I can see an argument with the black dial versions, BGW9 could be a good alternative. 
C3 on the other hand I don't see being a good option. No subtlety or class to it at all, its just bright green... all the time. Works with some dials, wold look very naff on a Damasko dial. 
I love the White dials with C1, It's there when you need it and not when you don't


----------



## mucklechumps

If the BGW9 is white when not illuminated and brighter than C1, then I agree Damasko should use it. My DK14 is a tool watch. I bought it to use hard, and I often rely on the lume. I have lumed quite a few watch hands and dials with Noctilumina and I think it's generally a brighter product color for color, than Superluminova. I don't think cost is the issue here. Damasko must lume big batches of hands and dials at the same time so there will be very little waste, which is where the lume gets expensive (at least for me). But I'd pay more for a brighter lume if I had to. 
I want it all in one watch. I want a stunningly beautiful, boutique brand, hand crafted timepiece that is rugged and dependable and easily readable at night. What I don't want is to have to switch watches to a Seiko or Casio when I'm working in some Cambodian jungle at night.


----------



## Chris Stark

What are the different cost factors to the manufacturer with regard to Mike's chart in reply #5?


----------



## JuicyFruit1983

Fully lumed bgw9 bezel like the tudor pelagos would look so sick on one of the bezel models. All-in-one watch is right, having to switch to a watch a fraction of the cost when you need decent lume is silly when these pieces are marketed as military grade tools. No excuse for c1 on these watches, everything else about them is over-engineered, yet some people are defending "adequate" lume.
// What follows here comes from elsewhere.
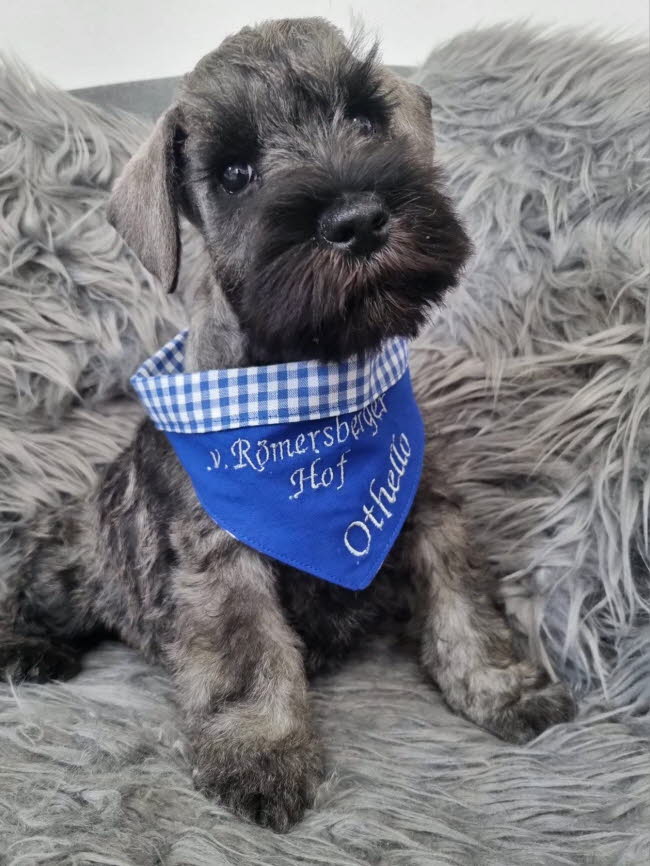 335961578_198695096128897_417462575848703236_n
Crazy. If micros like armida can knock out best lume ever with lashings of c3 at 1/3 the price, surely it's achievable. I simply do not see a reason not to switch to a stronger lume.


----------



## adimaano56sl

When I was shopping for my last tool watch purchase the only thing keeping me from purchasing a Damasko was the lume. 
Regarding the use of Tritium, I prefer the use of lume. I have a 17 year old Seamaster that is still burning bright, and if/ when the lume expires, I can easily get it relumed.
Tritium, on the other hand, would require OEM tubes, which may or may not be available in 20, 30, 40 years etc...


----------



## Insanevette

I would gladly spend $100 sending my Damasko in to get new lume. Really, the only drawback for me is the lume on Damasko.


----------



## voiceman

I know that the DA-37 uses C-1 but have not seen one "in hand". Can anyone shed a little "light" on how the C-1 lume holds up through the night on this model?

Thanks in advance.


----------



## myke

i agree the lume could be better. It is also disappointing the the bezel indices have no lume at all except for the pip


----------



## myke

It starts up really bright for sure. Not sure how long it lasts though in the night. I'm always sleeping.



voiceman said:


> I know that the DA-37 uses C-1 but have not seen one "in hand". Can anyone shed a little "light" on how the C-1 lume holds up through the night on this model?
> 
> Thanks in advance.


----------



## voiceman

Thanks, Myke. Just got a DA-35 and, as you stated, the lume starts out with a full green glow and fades to a minimal lume through the night. Visible but not fully usable unless you have great "night vision".


----------



## Lopez

I Agree!


----------



## MrDagon007

voiceman said:


> I know that the DA-37 uses C-1 but have not seen one "in hand". Can anyone shed a little "light" on how the C-1 lume holds up through the night on this model?
> 
> Thanks in advance.


I have the big sister 373. It is readable through the night. I also have tritium watches and frankly I find them on practical terms not better. The large lumed area compensates for lesser strength.
Interesting how the dial seems to become whiter at dusk, it is the lume working but it has at dusk more an impression of whiteness rather than lume! 
My strongest lume watch is my seiko tuna, their own lume is like C3 or even better. Yes it is incredibly strong and lasting as well. But greenish in daylight.
Another interesting use of c1: my steinhart premium flieger has multiple layers, so that lumed markers look almost applied. The result is a watch whose lume starts of reasonably good, but importantly lasts well.
Coming to bgw9: my MKII Hawkinge has that (one of my favourite watches!) and it is indeed nicely white in daylight just like damasko's c1. However it is indeed stronger through the night, even while the mkii has only little bits of lume it is perfectly readable until the morning. A 373 with bgw 9 would be a torch, perhaps even too much of a good thing! An interesting detail is that bgw9 glows blue!


----------



## sulpher

Dagon said:


> An interesting detail is that bgw9 glows blue!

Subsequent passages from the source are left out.